_ABOUT THIS TASK_
In the entries below, find the line with "Gadgetoo Wiwu Laptop" and the line with "Redmond Bolton, who". Print those two and everything between them exactly, and nothing else.

_INPUT DATA_
◇ ◇ ◇
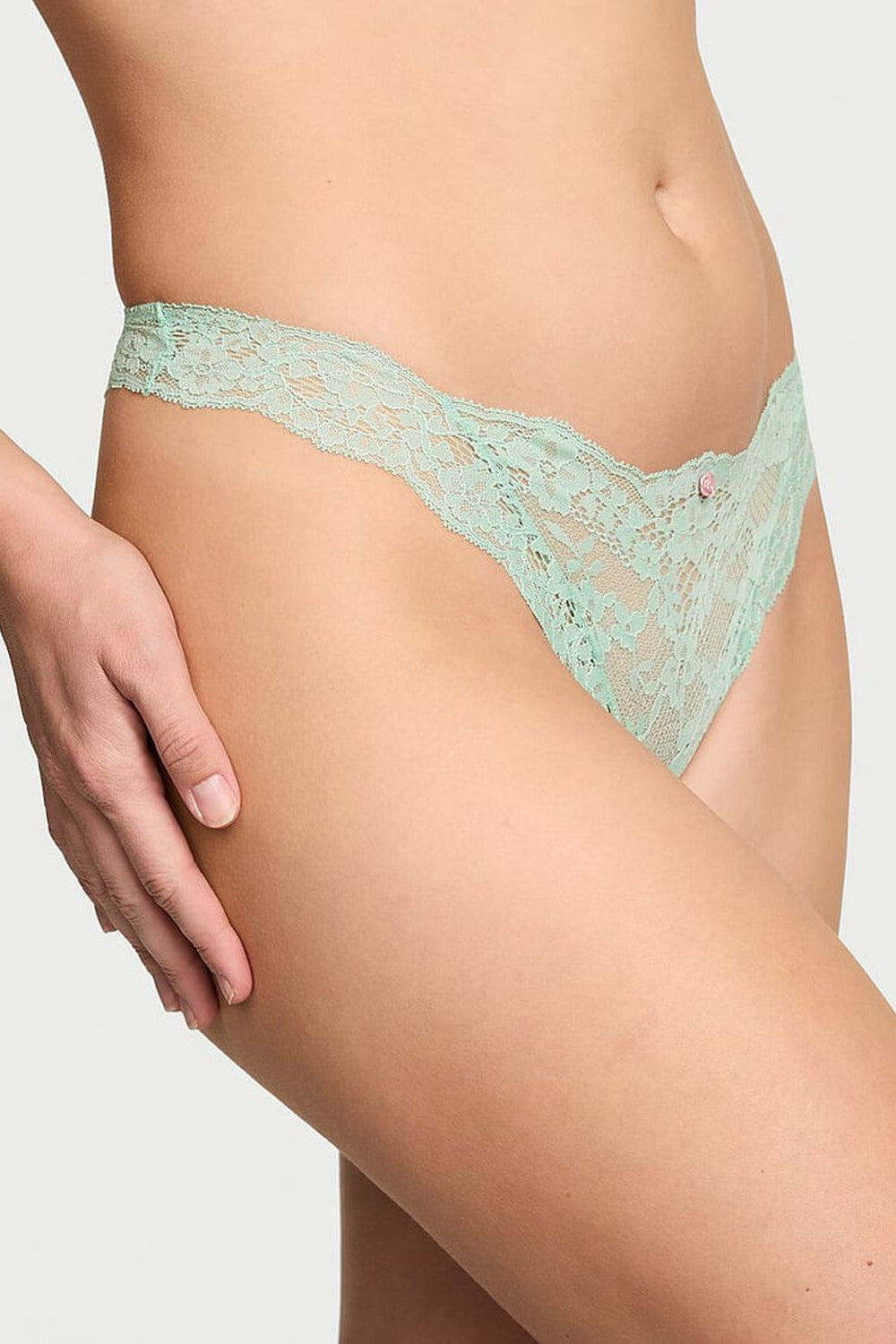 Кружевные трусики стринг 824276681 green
◇ ◇ ◇
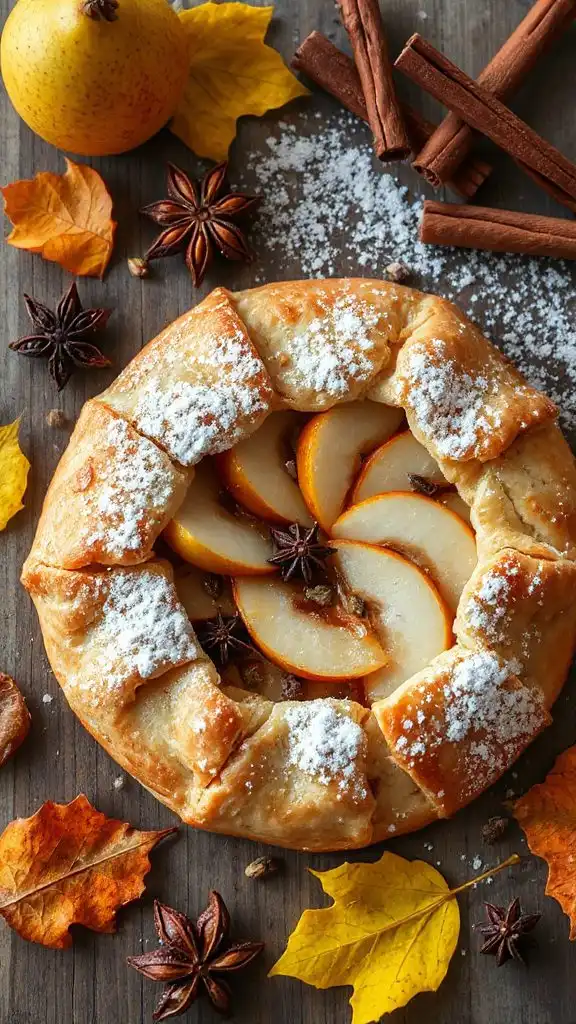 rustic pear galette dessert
◇ ◇ ◇
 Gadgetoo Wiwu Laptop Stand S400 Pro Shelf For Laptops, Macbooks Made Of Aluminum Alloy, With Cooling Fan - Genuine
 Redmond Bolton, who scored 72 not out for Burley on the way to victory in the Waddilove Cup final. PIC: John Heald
◇ ◇ ◇
_RESPONSE AREA_
 Gadgetoo Wiwu Laptop Stand S400 Pro Shelf For Laptops, Macbooks Made Of Aluminum Alloy, With Cooling Fan - Genuine
 Redmond Bolton, who scored 72 not out for Burley on the way to victory in the Waddilove Cup final. PIC: John Heald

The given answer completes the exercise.